Boulder Police Chief Maris Herold identified the slain officer as Eric Talley, 51, who had been with the force since 2010. He was the first to arrive after responding to a call about shots fired and someone carrying a gun, she said.

Homer Talley, 74, described his son as a devoted father who “knew the Lord.” He had seven children, ages 7 to 20.

“We know where he is,” his father told The Associated Press from his ranch in central Texas. “He loved his family more than anything. He wasn’t afraid of dying.
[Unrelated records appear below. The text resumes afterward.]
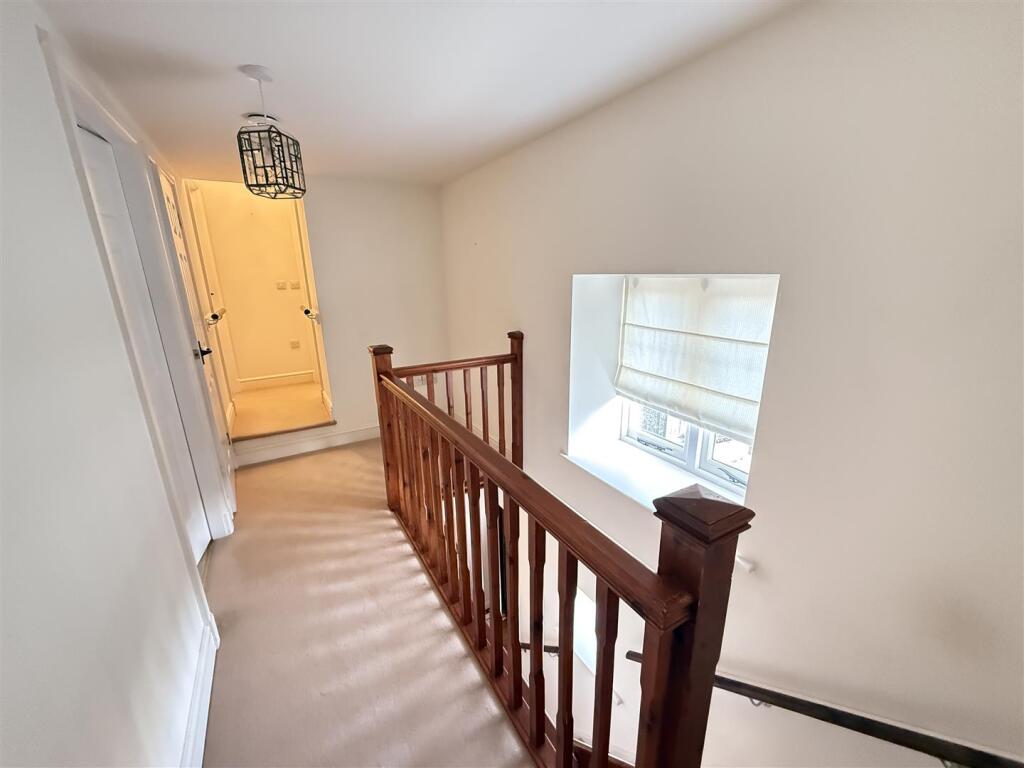 Additional property image - Lydiate Farm, The Lydiate, Heswall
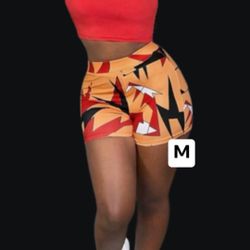 New Women’s 2 Piece Set Size Medium 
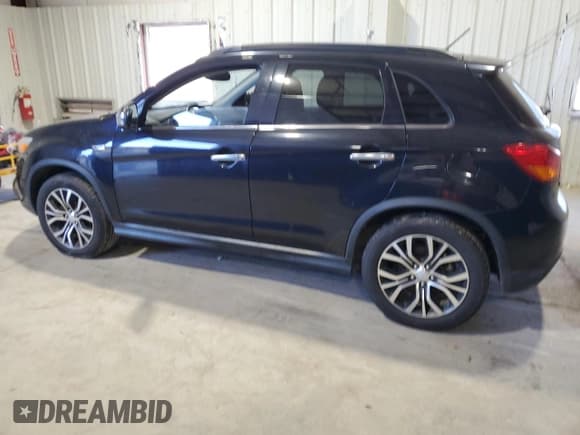 ✅ 2016 Mitsubishi Outlander SEL • VIN: JA4AR4AW7GZ043044 • Лот: 85651035. Опубликован ранее на Copart с пробегом 181 342 миль. Бесплатный доступ к архиву аукционных продаж из США и подробный отчёт об истории автомобиля на DreamBid. Изображение 2.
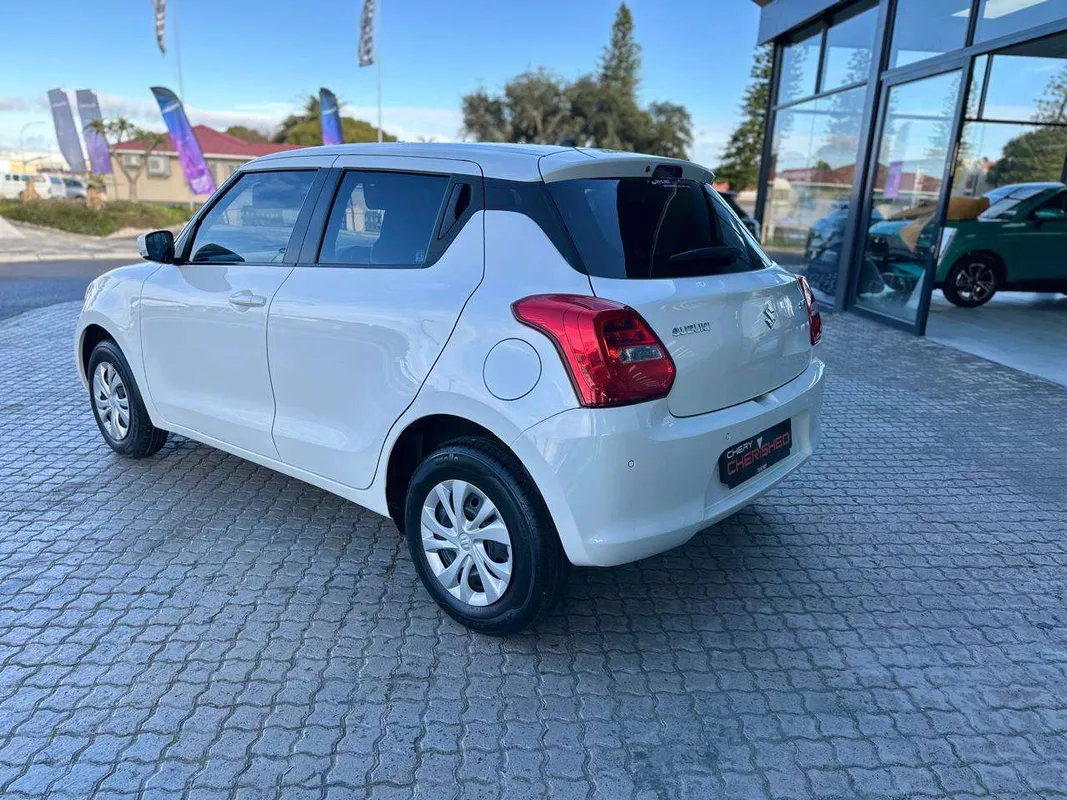 Suzuki Swift 1.2 GL - Image 5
He was afraid of putting them through it.”

The other dead ranged in age from 20 to 65. They were identified as Denny Stong, 20; Neven Stanisic, 23; Rikki Olds, 25; Tralona Bartkowiak, 49; Suzanne Fountain, 59; Teri Leiker, 51; Kevin Mahoney, 61; Lynn Murray, 62; and Jodi Waters, 65.

Leiker, Olds and Stong worked at the supermarket, former co-worker Jordan Sailas said.

Olds’ grandmother choked up on the phone as she described the young woman she played a large role in raising.

“She was just a very kind and loving, bubbly person who lit up the room when she walked in,” said Jeanette Olds, 71, of Lafayette, Colo.

The attack in Boulder stunned a state that has seen several mass shootings, including the 1999 Columbine High School massacre and the 2012 Aurora movie theater shooting.

Monday’s attack was the seventh mass killing this year in the U.S., following the March 16 shooting that left eight people dead at three Atlanta-area massage businesses, according to a database compiled by The Associated Press, USA Today and Northeastern University.

It follows a lull in mass killings during the coronavirus pandemic in 2020, which had the smallest number of such attacks in eight years, according to the database, which tracks mass killings defined as four or more dead, not including the shooter.